Exercise aim –
Extract only the lines running from the top of the entries to the line that holds "Once the driver". Include that line and omit the pictures.

Material provided –

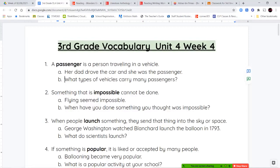Hello, third grade, and welcome to unit four, week four. Let's get started with our vocabulary words for this week.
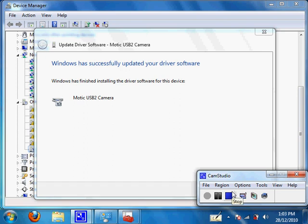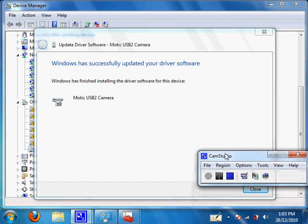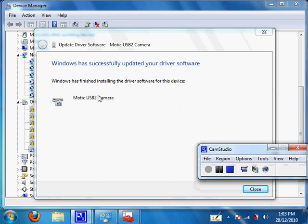Once the driver has done installing itself, you will get to this page. Windows has finished installing the driver software from this device. Motec USB 2.0 camera.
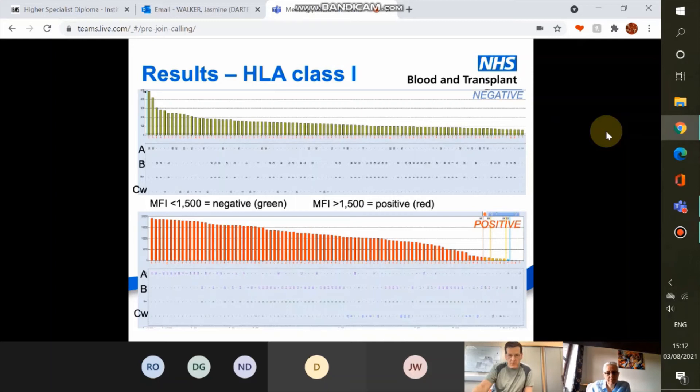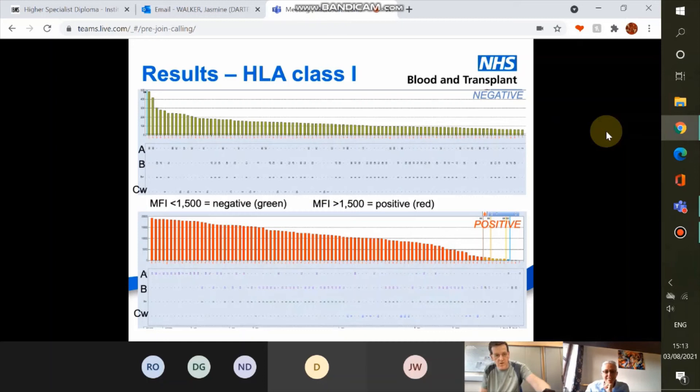In contrast, here is an example of a positive result from a highly sensitised patient — the vast majority of the bead panel is coming up positive. This is the sort of result we don't like to see when testing a patient who requires HLA matched platelets.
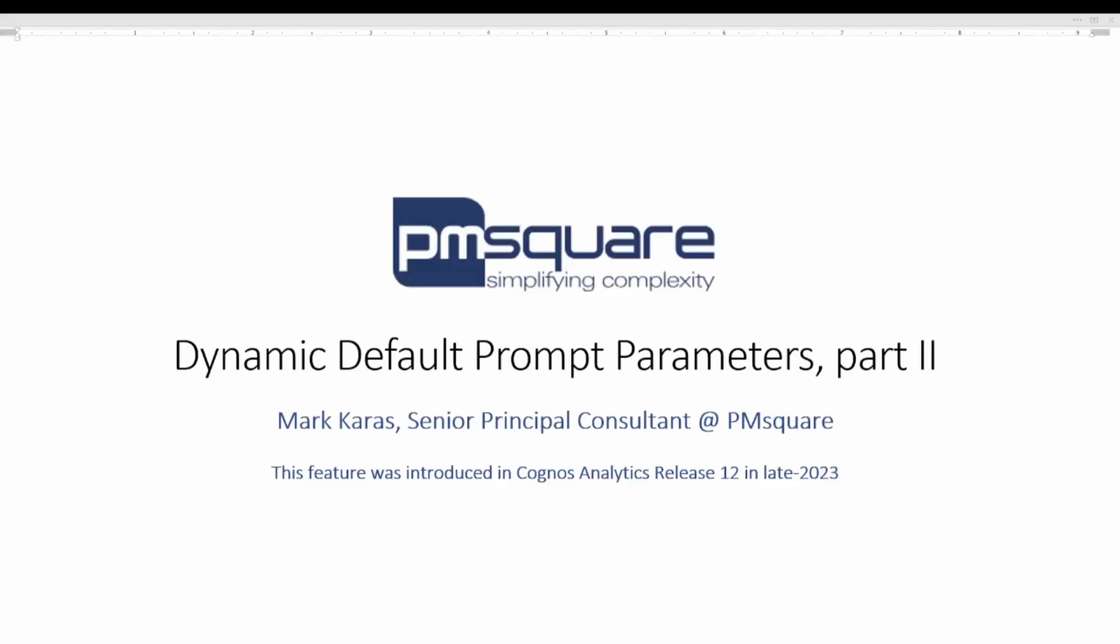As you can see this long awaited feature is quite powerful and eliminates the need for any custom coding to set default prompt parameters. So please get in play with it on your environment. Find different ways to use it. Share with us how you're using it. It'd be great to see this gain some traction out in the Cognos analytics community. OK for now. Goodbye and we'll see you soon.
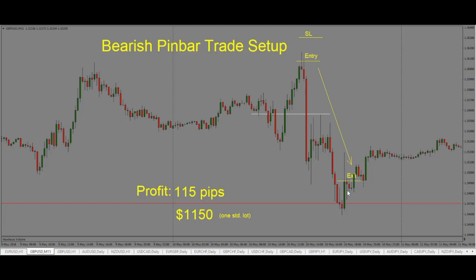To recap: a bearish pin bar is a single candlestick trade setup, which is why I like it so much — we only have one candlestick to worry about. It has a long wick on the top and a small candle body, showing us that price is likely to reverse direction and drop. So we take a short trade, entering short here. Our stop goes above the pin, making sure there's enough room for the trade to breathe, and then we stay with the trade as long as price is dropping.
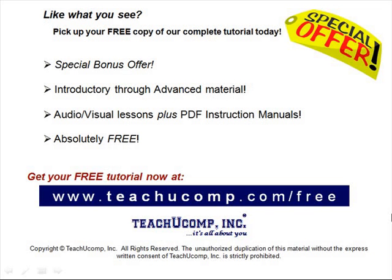Like what you see? Pick up your free copy of the complete tutorial at www.teachucomp.com/free.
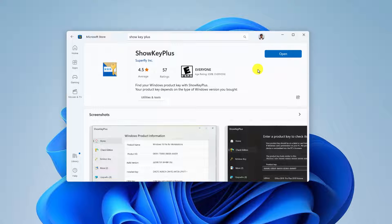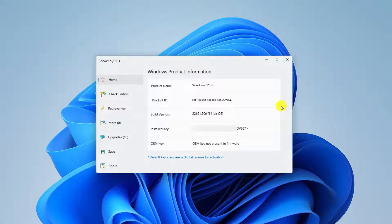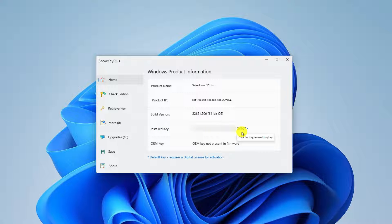Once the installation has been completed, simply click on the open button and it will open the Soki Plus window. From here, you can find out your Windows product information, such as product name, product ID, version, and installed key. Don't get confused with product key and install key — both are the same. If you want to move your retail Windows key, you can simply use this key to activate your new Windows system.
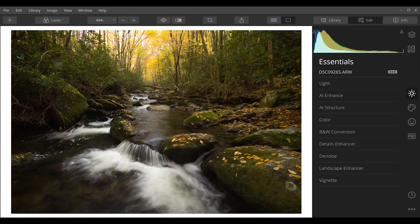Hey, what's up guys, professional landscape photographer David Johnson here. I'm going to be showing you how to make professional landscape photographs using Luminar 4 in just three minutes, so this is going to go really fast.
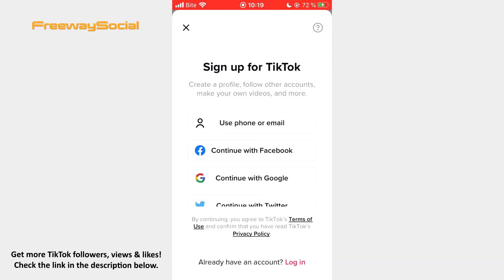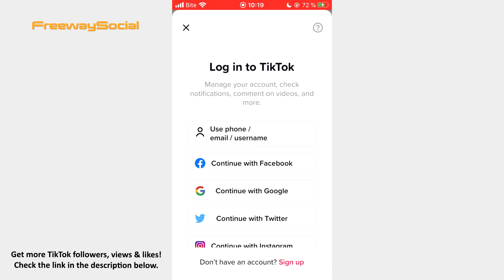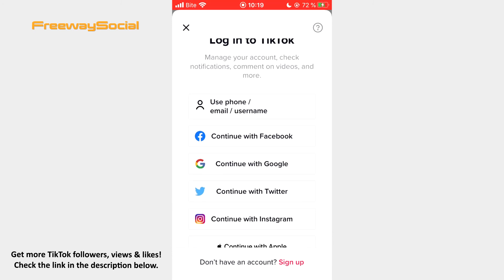Here you have an opportunity to select how you want to sign up. For example, you can use another phone number or email in order to sign up, or you may also continue with Facebook, Google, Twitter or Apple. If you already have a created TikTok account and only want to add it, click on Login and select the option how you want to login.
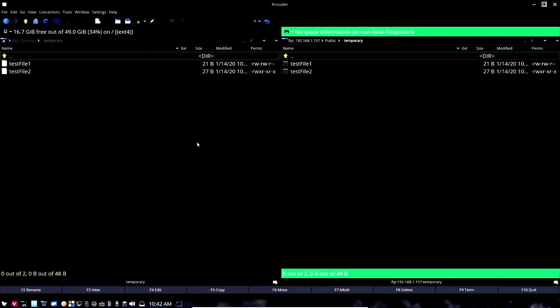We'll take a look at the next reason that we should be using the Crusader file manager in the next video.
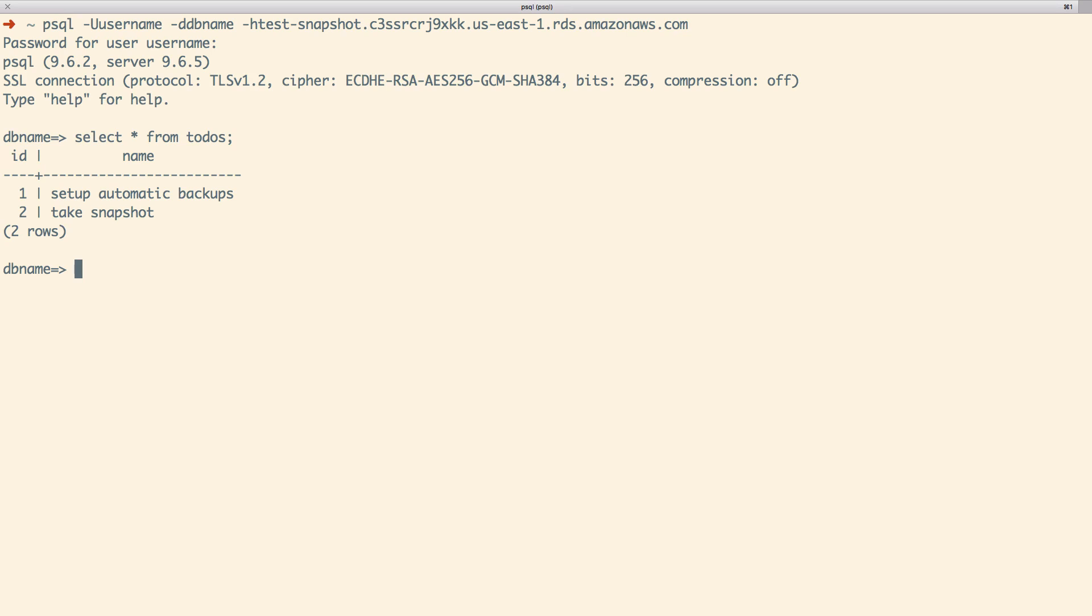In this video, we went through an overview of backups, read replicas, and multi-AZ. Then we configured a backup and created a snapshot. In part two, we'll configure a read replica and a multi-AZ.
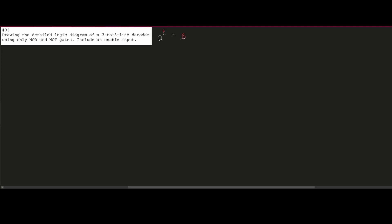That means we are going to have 3 inputs: A, B, and C. We can label them as X, Y, and Z or whatever, but we'll label them A, B, and C. Then we're also going to have our decoder outputs — we're going to have 8 of them. We have 3 inputs and 8 outputs, labeled D0, D1, D2, D3, D4, D5, D6, and D7.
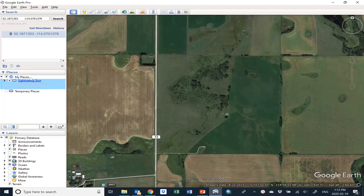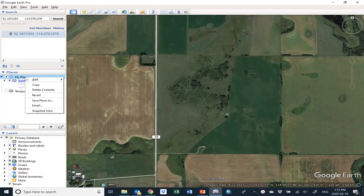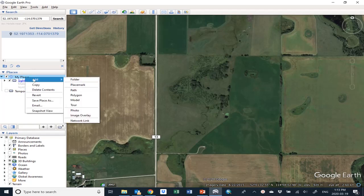Over on the left hand side, you'll see something called My Places. It's got this little Google Earth thing beside it. Just right click on that and you'll see the word Add pop up. Mouse over that and you'll see another little window pop up where it says Folder.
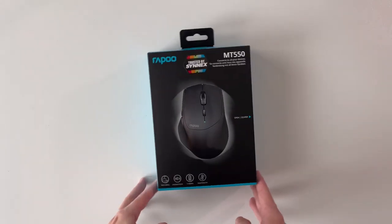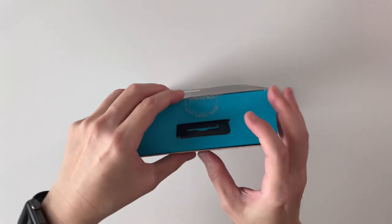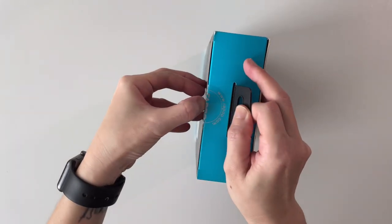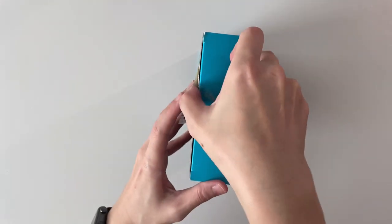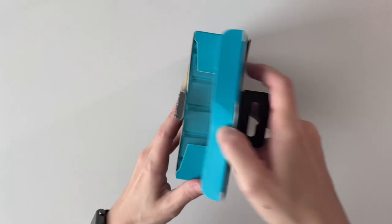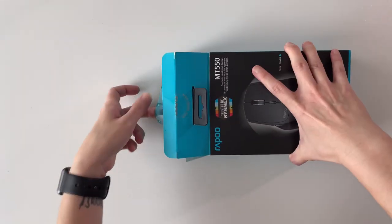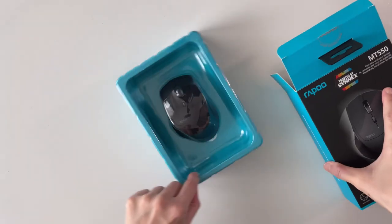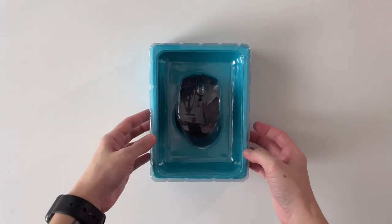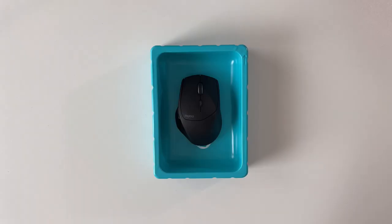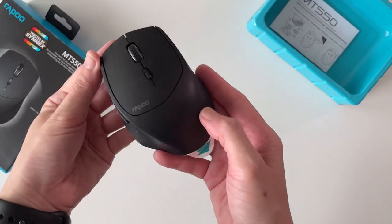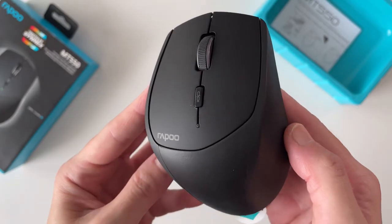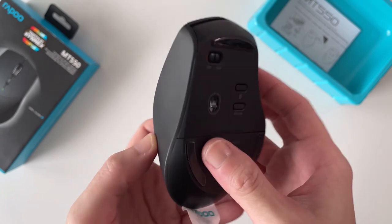Hi everyone, back here again for another video. Today let's have a look at the Rapu MT550 Bluetooth mouse which Rapu sent over to me to do a review. Though they sent this to me for free, all my comments in this video are my own. The Rapu MT550 is a multi-device Bluetooth mouse and they also call this a multi-mode wireless mouse because of other features like the adjustable DPI sensor, which we'll get into later.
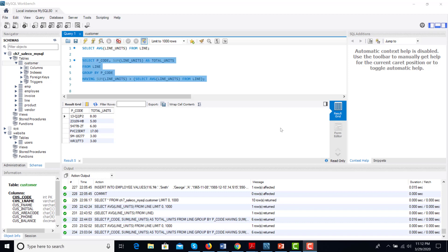You can see how the query is constructed: the inner query SELECT AVG(line_units) FROM line is executed first, and its result is used by the outer query, which uses GROUP BY along with HAVING. You have to pay attention to how the GROUP BY and HAVING clauses are written together.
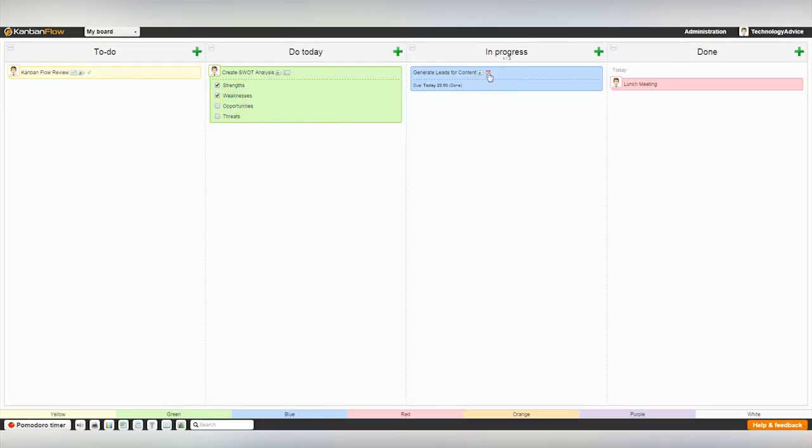In summary, Kanban Flow is a lean project management tool offering an intuitive visual interface to give users an overview of all current work.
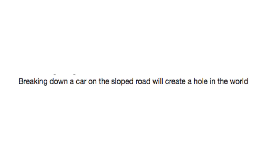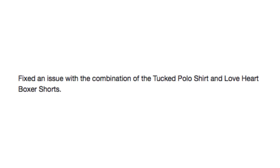Breaking down a car on the sloped road will create a hole in the world. Fixed an issue with the combination of tucked polo shirt and love heart boxer shorts. Because it's a horrible fashion statement.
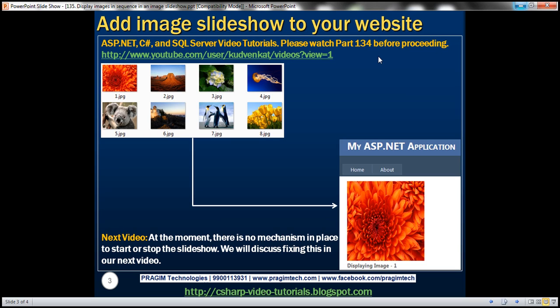The problem with the slideshow we created in part 134 is that the images are not being displayed in sequence — they're being displayed at random. Our requirement is that we want to display them in sequence: first one.jpg, then two.jpg, and so on until eight.jpg. Once we reach eight.jpg we want to start again at one.jpg, and we also want to display the image number below the image.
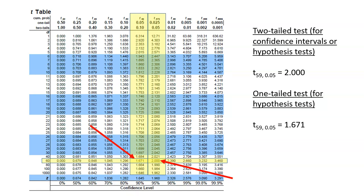So at roughly 59 degrees of freedom, at a level of significance of 0.05, the value of t is 1.671.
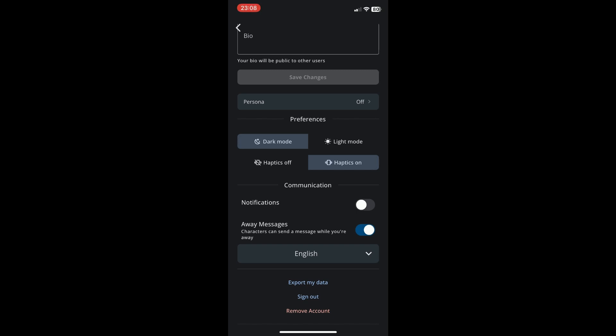And then characters will send you messages even though you are not using the app.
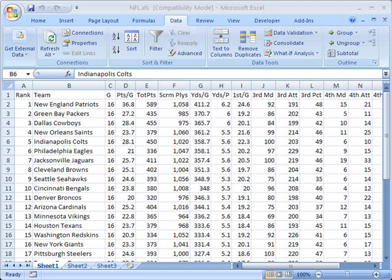Hello and welcome to ShowMeAcademy.com. In this tutorial, we're going to show you how to use data validation in Microsoft Excel 2007.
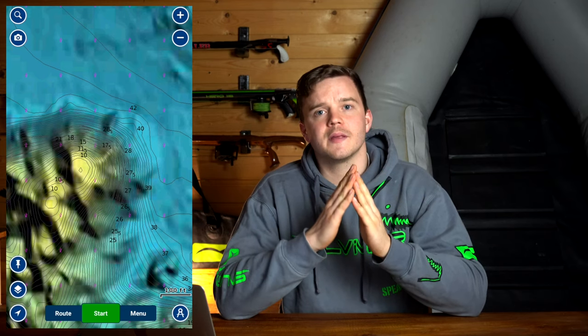I'll put the Navionics app up on the screen here so you get a better understanding of what this ledge looks like underwater and what it looks like on the app. As I alluded to earlier, the steeper the ledge the closer the contour lines, and as you can see from the Navionics screen recording here, the area is full of contour lines which are very, very close together, meaning that the drop-off is quite significant.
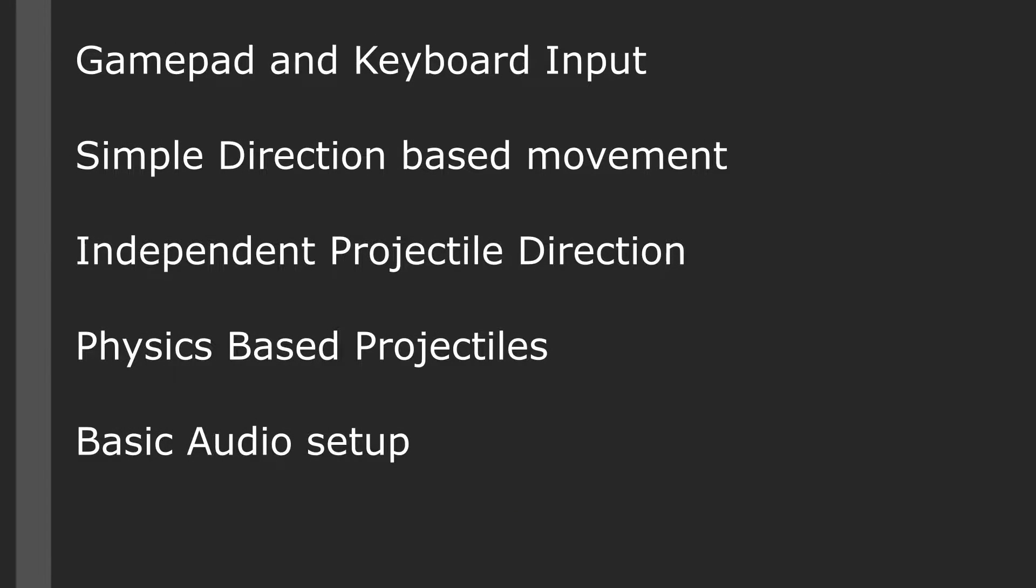The twin stick template allows us to quickly jump in and get a twin stick shooter started. We get gamepad and keyboard input, simple direction-based movement, independent projectile direction, physics-based projectiles, and a basic audio setup.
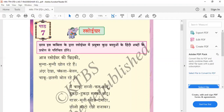Chakla beelan chaku chalni bol rahe hai — their conversation begins. Chakla beelan means the rolling board and rolling pin used for making chapati, and they are talking. Chaku chalni means knife and strainer — they are also talking. The knife says: Main chaku, phal kathu — I am the knife, I will cut vegetables and fruits.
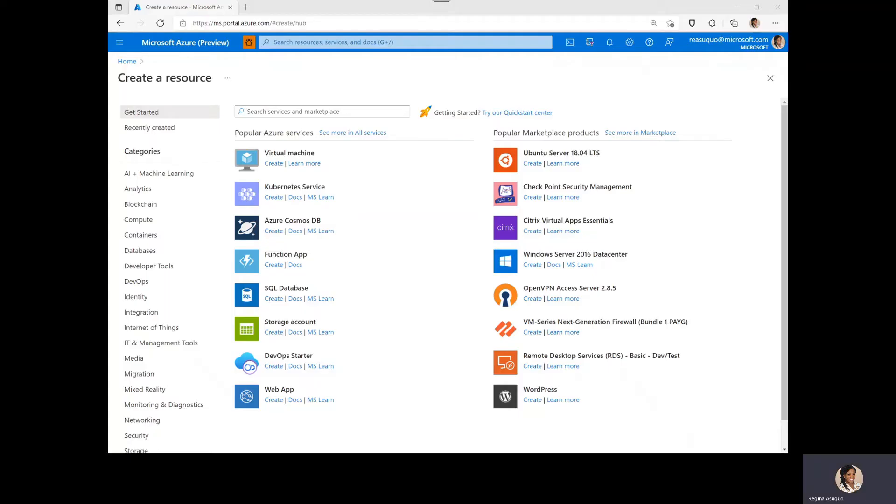Hello everyone, my name is Regina in the Azure Virtual WAN team and today I'll be showing how to create a site-to-site connection between an on-premise branch and Azure Virtual WAN using PowerShell.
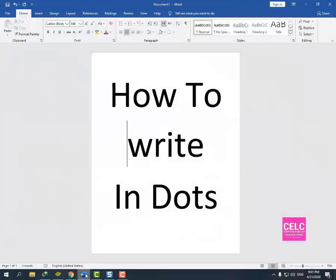Assalamu alaikum dear students, how are you? I am your trainer, your teacher, Muhammad Kashif Ali. Welcome to our class, the ELC.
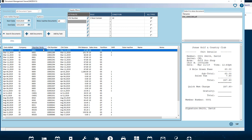We see the date added, company, member number, chit date, chit balance, sales area, partition, shift, and any notes.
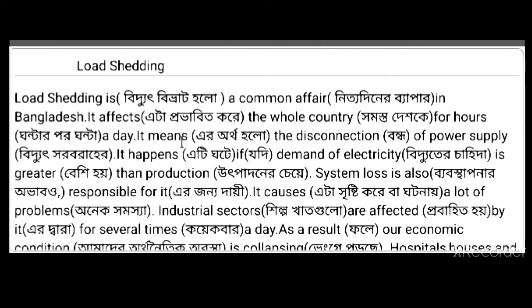It means the disconnection of power supply. It happens if the demand of electricity is greater than production.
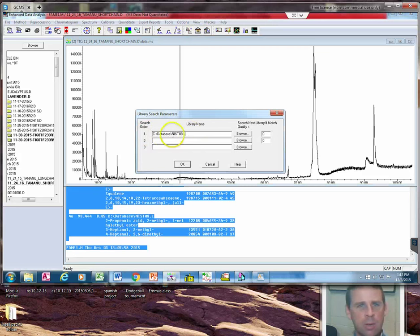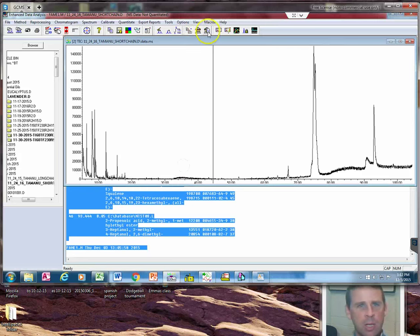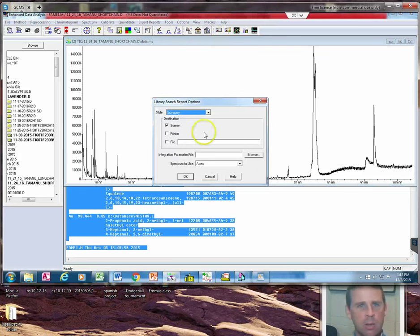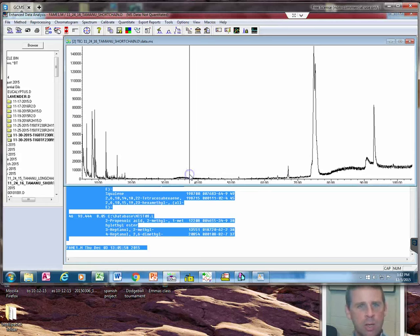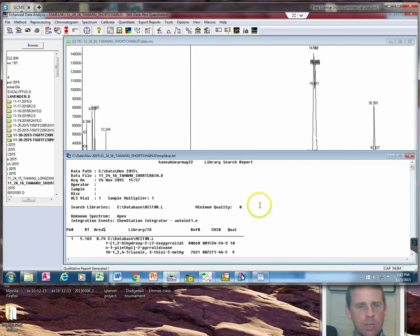Then I click right here and make sure that this says NIST 08 to this path, and we say OK. Then I click right here and say OK, and then it's going to generate a report. Here's the report that it generated.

Result below –
Hello, third grade, and welcome to unit four, week four. Let's get started with our vocabulary words for this week.
Once the driver has done installing itself, you will get to this page. Windows has finished installing the driver software from this device. Motec USB 2.0 camera.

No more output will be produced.